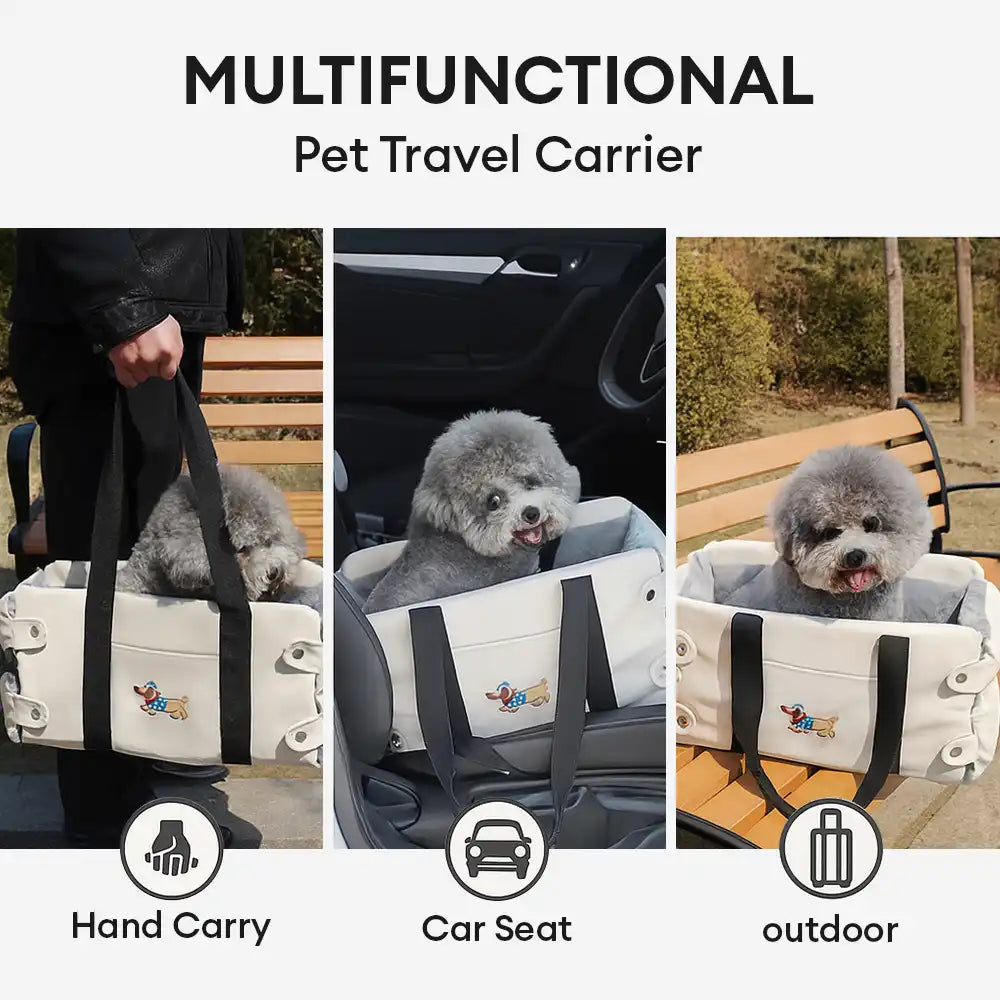 Portable Travel Faux Leather Waterproof Centre Console Pet Car Seat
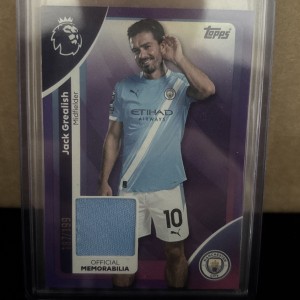 Jack Grealish Manchester City Player Worn Relic 187/199 Topps Premier League for sale on Ebay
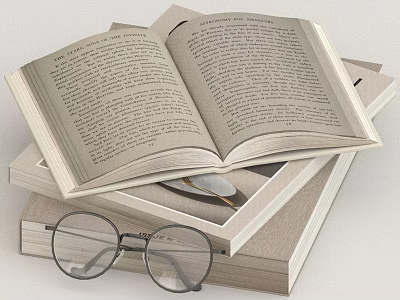 Open Book Display On Stack Of Books With Reading Glasses And Pen 3d model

* What this task involves: Copy nothing but the lines above from the one with "Jack Grealish Manchester" through the end of the material, word for word, and drop the pictures.

* Answer space:
 Jack Grealish Manchester City Player Worn Relic 187/199 Topps Premier League for sale on Ebay
 Open Book Display On Stack Of Books With Reading Glasses And Pen 3d model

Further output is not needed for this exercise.